Greift der Eigenmietwert in ein Grundrecht ein?
Die Eigenmietwertsteuer erscheint vielen BesitzerInnen von selbstbewohntem Wohneigentum ungerecht, denn besteuert wird ein Einkommen, das gar nie erzielt wurde. Der Eigenmietwert basiert auf der Annahme, welche Einnahmen theoretisch erzielt werden könnten, wenn die Immobilie vermietet oder verpachtet würde. Dies ist aber nicht der Fall, und insofern wird das Wohnen in den eigenen vier Wänden besteuert. Im Gegenzug können Immobilienbesitzende aber auch Zinsen und Unterhaltskosten für ihre Immobilie steuerlich abziehen.

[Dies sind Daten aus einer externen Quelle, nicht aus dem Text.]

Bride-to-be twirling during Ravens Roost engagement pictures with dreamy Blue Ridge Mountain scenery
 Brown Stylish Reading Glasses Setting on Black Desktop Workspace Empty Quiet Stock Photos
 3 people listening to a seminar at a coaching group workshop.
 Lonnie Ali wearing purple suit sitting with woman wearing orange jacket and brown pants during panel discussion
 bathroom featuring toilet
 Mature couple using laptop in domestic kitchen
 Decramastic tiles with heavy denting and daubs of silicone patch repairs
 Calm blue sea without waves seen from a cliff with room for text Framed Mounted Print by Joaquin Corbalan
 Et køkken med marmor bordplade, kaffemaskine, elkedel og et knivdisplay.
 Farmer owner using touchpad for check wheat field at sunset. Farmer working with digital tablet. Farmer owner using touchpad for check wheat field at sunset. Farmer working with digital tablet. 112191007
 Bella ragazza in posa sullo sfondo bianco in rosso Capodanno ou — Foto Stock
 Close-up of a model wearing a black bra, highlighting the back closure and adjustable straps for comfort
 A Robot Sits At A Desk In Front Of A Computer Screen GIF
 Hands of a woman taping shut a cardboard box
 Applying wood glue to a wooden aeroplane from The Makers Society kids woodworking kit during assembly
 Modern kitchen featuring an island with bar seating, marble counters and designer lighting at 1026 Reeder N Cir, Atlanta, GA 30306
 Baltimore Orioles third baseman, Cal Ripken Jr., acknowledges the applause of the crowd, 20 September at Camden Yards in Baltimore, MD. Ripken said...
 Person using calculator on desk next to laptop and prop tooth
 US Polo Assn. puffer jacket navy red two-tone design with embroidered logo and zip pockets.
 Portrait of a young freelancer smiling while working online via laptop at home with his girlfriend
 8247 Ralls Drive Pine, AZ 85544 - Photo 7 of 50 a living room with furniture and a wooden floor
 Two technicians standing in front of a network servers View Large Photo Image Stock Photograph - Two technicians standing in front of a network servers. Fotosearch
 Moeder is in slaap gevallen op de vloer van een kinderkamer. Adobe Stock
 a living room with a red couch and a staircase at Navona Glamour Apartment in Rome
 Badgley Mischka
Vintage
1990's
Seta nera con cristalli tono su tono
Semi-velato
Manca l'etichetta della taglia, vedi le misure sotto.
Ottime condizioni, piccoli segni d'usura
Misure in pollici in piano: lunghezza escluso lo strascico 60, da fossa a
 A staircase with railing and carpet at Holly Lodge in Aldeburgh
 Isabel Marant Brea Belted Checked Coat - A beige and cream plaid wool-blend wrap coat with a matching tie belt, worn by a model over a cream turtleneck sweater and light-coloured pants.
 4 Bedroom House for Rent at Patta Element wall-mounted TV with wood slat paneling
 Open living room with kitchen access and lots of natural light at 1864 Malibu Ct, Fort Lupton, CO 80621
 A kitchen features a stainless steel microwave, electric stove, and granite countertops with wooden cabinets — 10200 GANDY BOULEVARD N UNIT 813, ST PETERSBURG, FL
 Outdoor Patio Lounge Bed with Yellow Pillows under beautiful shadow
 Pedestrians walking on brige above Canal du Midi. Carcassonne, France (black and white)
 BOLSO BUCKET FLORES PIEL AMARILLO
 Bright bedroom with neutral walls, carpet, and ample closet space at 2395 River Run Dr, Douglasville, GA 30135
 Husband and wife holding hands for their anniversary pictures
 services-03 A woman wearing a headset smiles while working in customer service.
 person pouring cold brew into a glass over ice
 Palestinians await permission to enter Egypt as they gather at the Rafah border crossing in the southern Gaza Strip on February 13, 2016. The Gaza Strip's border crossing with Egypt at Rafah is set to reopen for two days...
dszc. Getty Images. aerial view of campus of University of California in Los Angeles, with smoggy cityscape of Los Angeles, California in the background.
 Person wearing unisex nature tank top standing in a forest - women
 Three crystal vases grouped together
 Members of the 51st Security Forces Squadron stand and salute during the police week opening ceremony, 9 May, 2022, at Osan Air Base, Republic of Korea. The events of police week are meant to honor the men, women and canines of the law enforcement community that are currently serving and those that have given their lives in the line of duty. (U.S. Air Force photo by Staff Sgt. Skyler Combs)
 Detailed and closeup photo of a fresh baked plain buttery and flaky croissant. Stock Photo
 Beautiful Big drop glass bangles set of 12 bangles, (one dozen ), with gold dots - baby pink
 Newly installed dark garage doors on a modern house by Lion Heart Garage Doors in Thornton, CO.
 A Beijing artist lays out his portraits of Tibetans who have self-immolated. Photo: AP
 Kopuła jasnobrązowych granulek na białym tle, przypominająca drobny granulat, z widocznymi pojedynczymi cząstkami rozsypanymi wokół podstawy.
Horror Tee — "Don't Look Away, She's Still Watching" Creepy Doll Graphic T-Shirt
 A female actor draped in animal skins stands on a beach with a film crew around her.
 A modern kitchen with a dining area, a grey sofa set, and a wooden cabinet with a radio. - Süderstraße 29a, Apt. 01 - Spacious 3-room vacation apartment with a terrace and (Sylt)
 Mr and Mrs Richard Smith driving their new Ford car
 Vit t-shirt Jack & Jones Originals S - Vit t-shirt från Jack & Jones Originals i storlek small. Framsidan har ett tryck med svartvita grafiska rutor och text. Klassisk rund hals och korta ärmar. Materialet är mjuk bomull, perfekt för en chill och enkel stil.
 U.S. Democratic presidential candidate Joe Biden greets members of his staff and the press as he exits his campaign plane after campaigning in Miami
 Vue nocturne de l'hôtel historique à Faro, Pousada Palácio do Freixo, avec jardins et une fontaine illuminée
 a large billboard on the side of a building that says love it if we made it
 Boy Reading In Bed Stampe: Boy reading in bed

Der Ursprung des Eigenmietwerts in der Schweiz geht bis ins Jahr 1915 zurück, als er erstmals als einmalige Kriegssteuer erhoben wurde. Dann wurde er erneut ab 1934, und zwar nur auf dem Wege des Notrechts, erhoben.
Bei der Einführung des Eigenmietwerts war die Grundidee aber nicht, Immobilienbesitzende zu «schröpfen», sondern in damals schweren wirtschaftlichen Zeiten dem Staat Geld zuzuführen. Dies ist eine der zweifellos legitimen Grundideen von Besteuerung überhaupt. Ob man Eigentum aber überhaupt besteuern sollte, es wurde ja bereits aus steuerbarem Einkommen oder durch grundsätzlich ebenfalls steuerbare Erbschaft oder Schenkung erworben, ist in der Tat eine Grundsatzfrage des Schweizer Steuersystems. Und es existieren darüber sehr kontroverse Meinungen.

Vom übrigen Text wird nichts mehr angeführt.